Tumor size is also closely associated with disease outcome, including both tumor recurrence and cancer-specific mortality rates.23,24 In the present study, we found that the 8-year cumulative survival rates for patients with DTC decreased gradually and significantly from 99.6% for 1–10 mm tumors to 91.8% for tumors ≥51 mm. The 10 mm incremental classification produced larger χ2 values than the traditional system for primary tumors, which may facilitate decisions about the extent of LND at the initial surgery. Also, this information may assist clinicians and patients to objectively and confidently estimate the risk of disease outcomes based on tumor size.
Although the management of clinically negative DTC is controversial, tumor size and this predictive model could provide more information on LNM associated with other imaging methods. The present findings suggest that in cases where these predictive factors are available, the incidence of neck metastases may be high and further evaluation regarding the risks and benefits of LND may be warranted, at least for the lateral compartment.
Our study has some limitations. First, the confirmation for LNM was mainly based on pathological analysis of samples collected during therapeutic LND. The low incidence of LNM in this cohort suggests the possible underestimation of LNM in patients with DTC. However, previous studies have shown that ultrasonography is an important tool in the detection of metastatic nodes, with high specificity and positive predictive value. Therefore, the current ultrasonography system is relatively accurate for the diagnosis of clinical LNM and seems to be improved by our findings and the model presented herein, which integrates a series of clinicopathological variables. Second, in patients with LLNM from the SEER database, we could not differentiate the status of the central lymph node.
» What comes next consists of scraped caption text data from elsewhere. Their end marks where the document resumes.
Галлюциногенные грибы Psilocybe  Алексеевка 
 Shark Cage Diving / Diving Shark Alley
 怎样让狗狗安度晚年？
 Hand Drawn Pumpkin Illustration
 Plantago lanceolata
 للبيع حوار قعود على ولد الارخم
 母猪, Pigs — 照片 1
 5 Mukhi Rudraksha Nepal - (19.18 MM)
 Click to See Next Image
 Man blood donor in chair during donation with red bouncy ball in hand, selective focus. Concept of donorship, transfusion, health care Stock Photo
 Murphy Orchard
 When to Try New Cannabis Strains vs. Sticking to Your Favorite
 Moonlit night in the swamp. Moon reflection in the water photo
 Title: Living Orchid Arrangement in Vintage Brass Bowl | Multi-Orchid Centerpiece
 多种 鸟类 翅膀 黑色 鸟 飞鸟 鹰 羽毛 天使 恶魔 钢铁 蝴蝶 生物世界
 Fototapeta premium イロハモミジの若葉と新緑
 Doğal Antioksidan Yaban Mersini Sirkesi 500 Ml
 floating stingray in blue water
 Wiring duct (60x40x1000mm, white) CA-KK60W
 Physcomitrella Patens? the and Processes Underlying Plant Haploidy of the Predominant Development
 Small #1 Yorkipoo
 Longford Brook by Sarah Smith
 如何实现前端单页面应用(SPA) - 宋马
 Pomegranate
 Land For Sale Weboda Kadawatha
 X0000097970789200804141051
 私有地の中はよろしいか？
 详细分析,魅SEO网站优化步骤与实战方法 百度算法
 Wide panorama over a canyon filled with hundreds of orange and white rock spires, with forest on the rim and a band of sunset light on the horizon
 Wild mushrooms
Although CLNM is reported to predict LLNM,20,25 our risk evaluation for LLNM did not identify CLNM as a risk factor on multivariate analysis. Diagnostic algorithms for LNM suggested by this analysis have not been tested and will require further testing in a prospective study before recommendations can be made. Finally, given the dramatic shift in the relative incidence of these lesions over time, continued reevaluation must be applied to the risk calculator to ensure accuracy in future populations.
Larger tumors are more likely to have aggressive features and locoregional metastases than smaller ones. With multistratifications for tumor size based on 10 mm increments, LNM risk was found to increase significantly relative to the reference range (1–10 mm), particularly for LLNM. The predictive model indicates an extra change of log(OR) for LNM as 0.2 per unit increment in tumor size based on the multivariable logistic regression analysis. These findings indicate that the model proposed herein can allow clinicians caring for patients with DTC to objectively estimate the likelihood of LNM before surgery and optimize the use of therapeutic modalities for evaluating cervical lymph nodes.
The authors acknowledge the efforts of the Surveillance, Epidemiology, and End Results (SEER) Program tumor registries in the creation of SEER database. The interpretation and reporting of these data are the sole responsibility of the authors. This work was supported by funds from the National Natural Science Foundation of China (Nos 81572622 and 81272934 to QHJ) and Science and Technology Commission of Shanghai Municipality (No 14ZR1407300 to YW).
The authors report no conflicts of interest in this work.